Most other OSs, for all practical purposes, are dead. It's sad but true. The
latest addition to this list is BeOS, which was recently bought by Palm and
is
being neglected.

Free software represents a real and credible threat to Microsoft's plans.
When
the W3C considered RAND licensing earlier this month, the outrage from the
free
software community was so strong that they appointed Bruce Perens and the
FSF's
Eben Moglen to their board, in an effort to prevent Perens's threat of the
community forking the standards from taking place.

> The WORST that will happen is that third party browsers will
> have to learn how parse Microsoft's proprietary web code.
> Afterall, Star Office can read Word documents.....

Do you have any idea how long this has taken? Compatibility is still not
100%,
even after years of painstaking reverse-engineering. Once MS controls web
standards, they are free to do what they like with it. They will push
Windows-only technologies like VBScript and ActiveX over JavaScript and
Java. I
wouldn't be surprised if they introduce binary code, as they have done in
the MS
Word format. They can keep their standards moving, so that by the time they
are
reverse-engineered they are already obsolete. Again, the MS Word file format
is
a prime example here.

Try reading this article by Robert X. Cringely:

http://www.pbs.org/cringely/pulpit/pulpit20010802.html

Of notable mention is this:

"According to these programmers, Microsoft wants to replace TCP/IP with a
proprietary protocol -- a protocol owned by Microsoft -- that it will tout
as
being more secure. Actually, the new protocol would likely be TCP/IP with
some
of the reserved fields used as pointers to proprietary extensions, quite
similar
to Vines IP, if you remember that product from Banyan Systems."

It may only be a rumour today, but the fact that so many knowledgeable
people
actually believe it means that it shouldn't be ignored.

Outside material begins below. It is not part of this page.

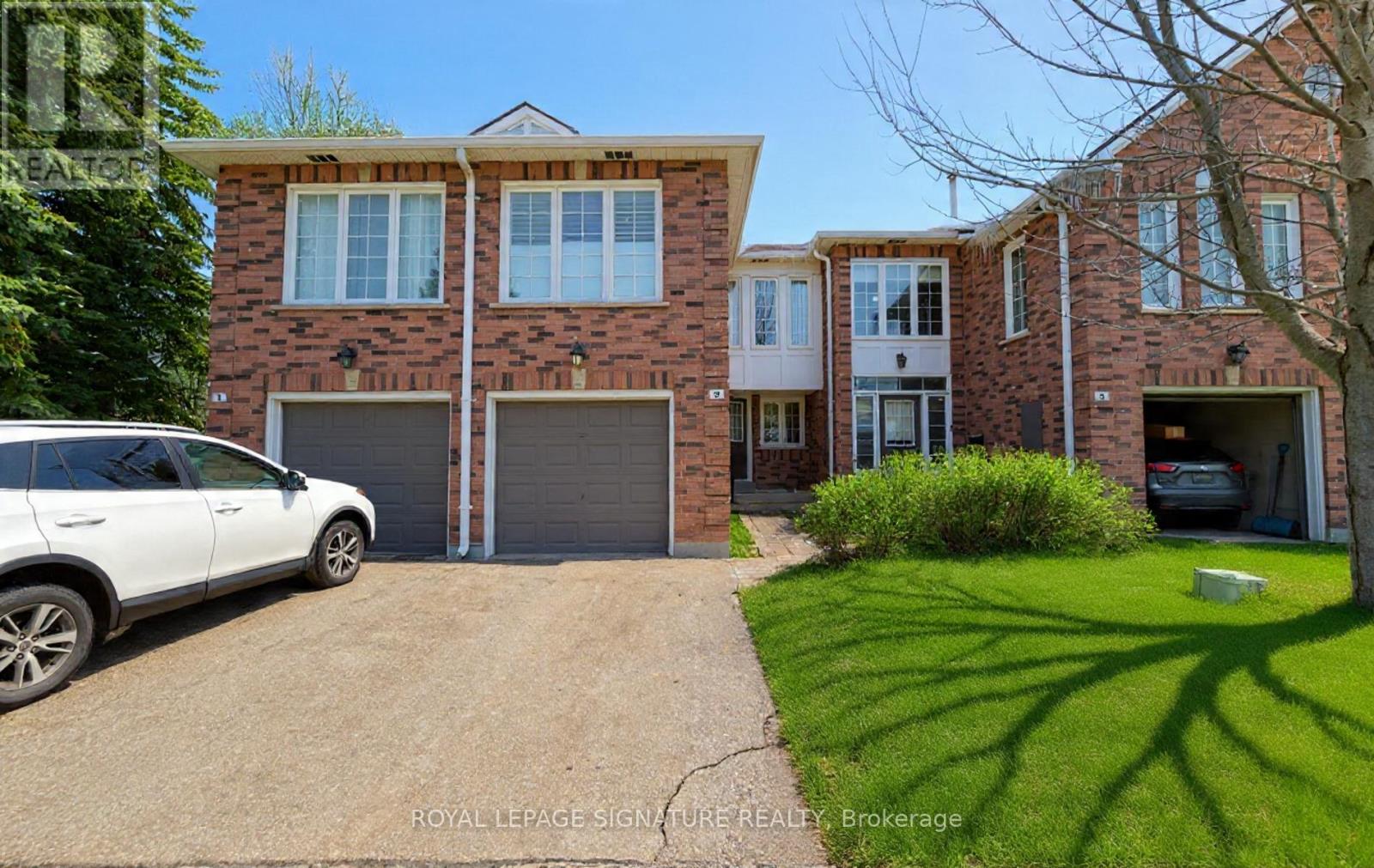 3 LANCEWOOD CRESCENT, Brampton, Ontario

> In fact, if it weren't for Linux, the government's case against
> Microsoft might have come sooner....

The DoJ has been closely watching MS since at least 1993, when they were
found
guilty of using stolen code from Digital Research in MS-DOS, and of
deliberately
making DR-DOS incompatible with Windows 3.1. GNU/Linux has only become
prominent
in the past couple of years, but DoJ-MS relations have been going for far
longer
than that. GNU/Linux has absolutely nothing to do with the case, and had no
bearing whatsoever on it. If it was, then why was MS found to be
overwhelmingly
guilty?

--
Sridhar Dhanapalan

        The Information Revolution will be fought on the command line.